*What the exercise asks:*
Further down are entries; set down exactly and only the lines from the one with "Surviving Motherhood, One" up to and including the one with "A young woman", dropping each picture.

*Dataset entries:*
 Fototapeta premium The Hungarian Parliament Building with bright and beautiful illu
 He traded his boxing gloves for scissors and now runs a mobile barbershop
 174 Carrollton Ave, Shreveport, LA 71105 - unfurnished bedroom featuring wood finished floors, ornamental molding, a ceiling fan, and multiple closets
...
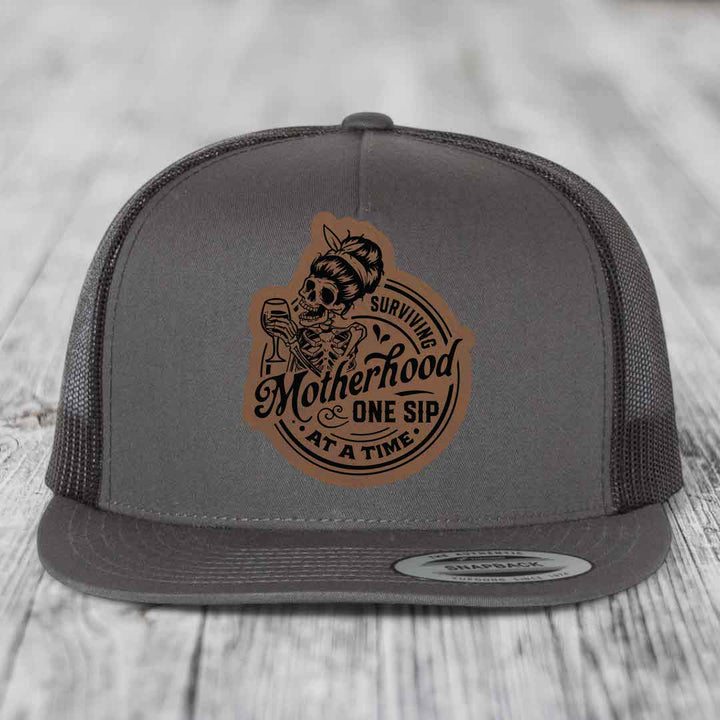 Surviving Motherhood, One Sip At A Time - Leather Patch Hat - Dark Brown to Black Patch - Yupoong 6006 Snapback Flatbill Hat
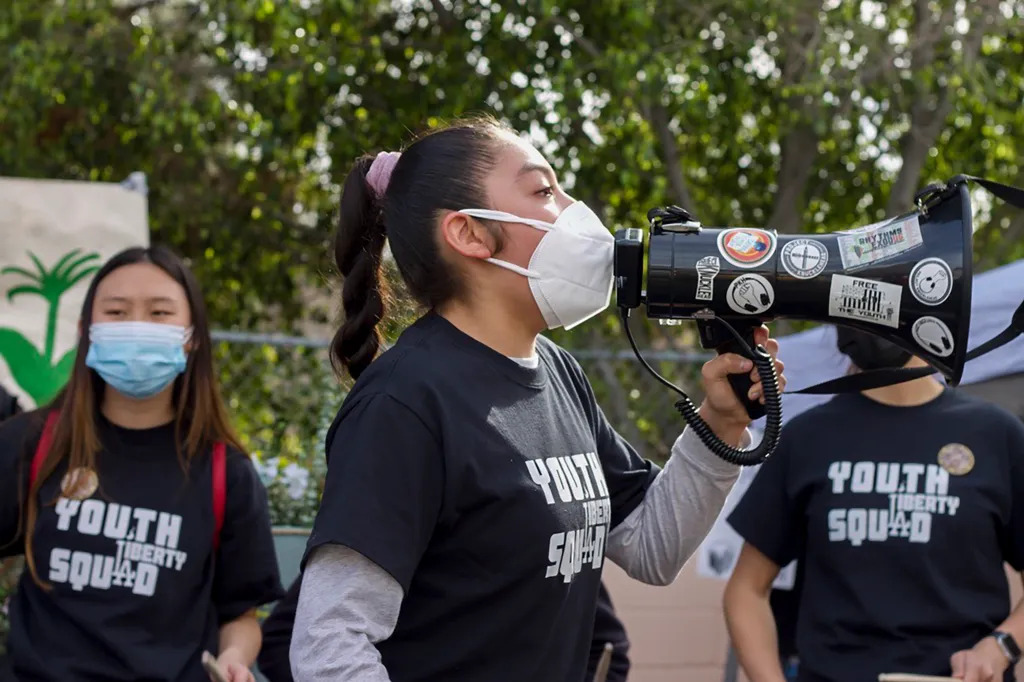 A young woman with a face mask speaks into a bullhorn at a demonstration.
==
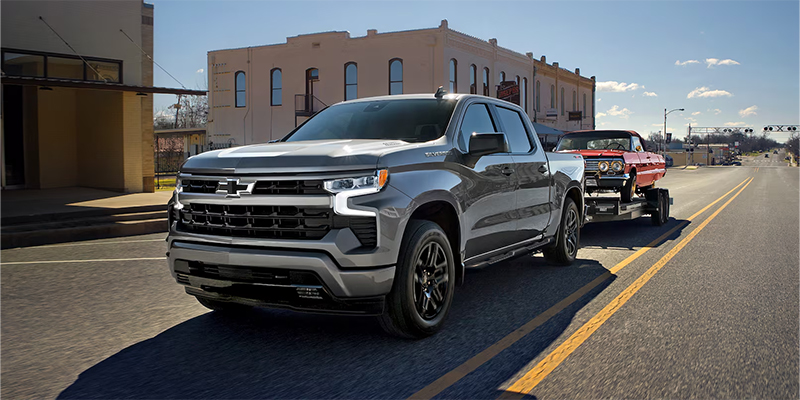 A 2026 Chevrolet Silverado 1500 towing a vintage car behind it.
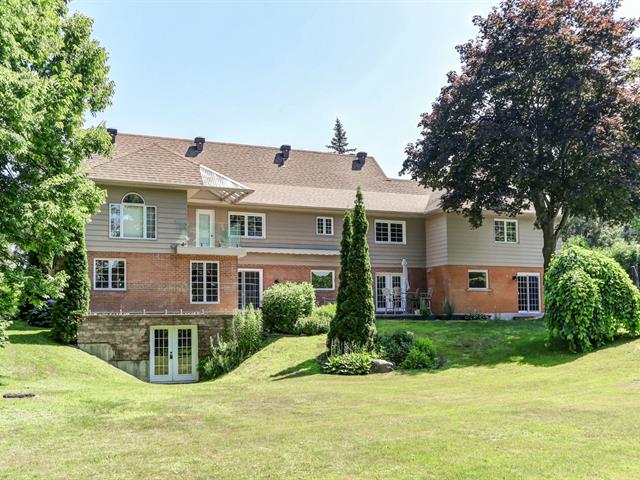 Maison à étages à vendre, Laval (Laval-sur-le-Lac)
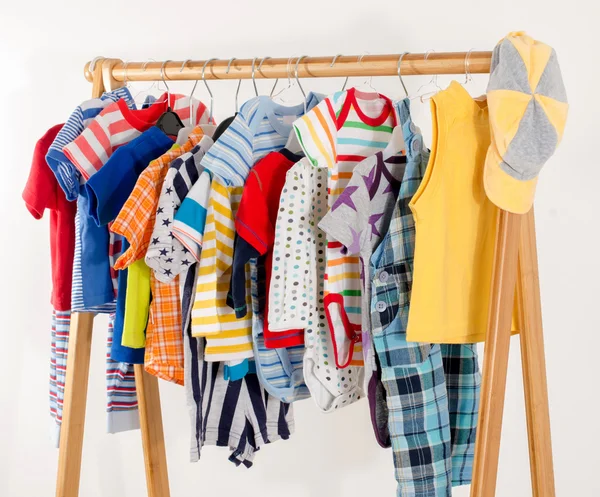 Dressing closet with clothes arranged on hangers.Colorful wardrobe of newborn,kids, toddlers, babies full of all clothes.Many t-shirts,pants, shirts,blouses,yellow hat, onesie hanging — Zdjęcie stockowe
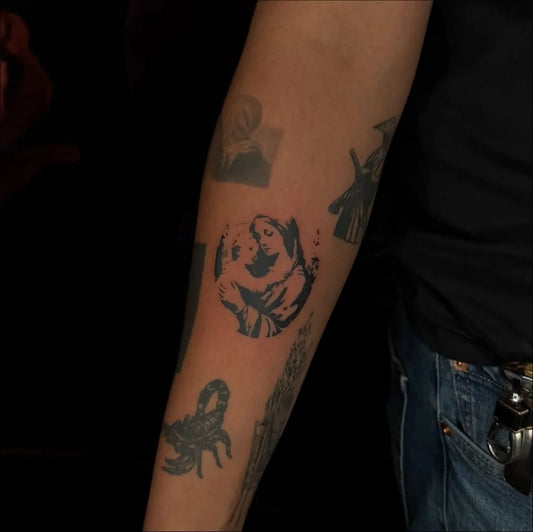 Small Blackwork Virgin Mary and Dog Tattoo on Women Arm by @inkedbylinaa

*Result below:*
 Surviving Motherhood, One Sip At A Time - Leather Patch Hat - Dark Brown to Black Patch - Yupoong 6006 Snapback Flatbill Hat
 A young woman with a face mask speaks into a bullhorn at a demonstration.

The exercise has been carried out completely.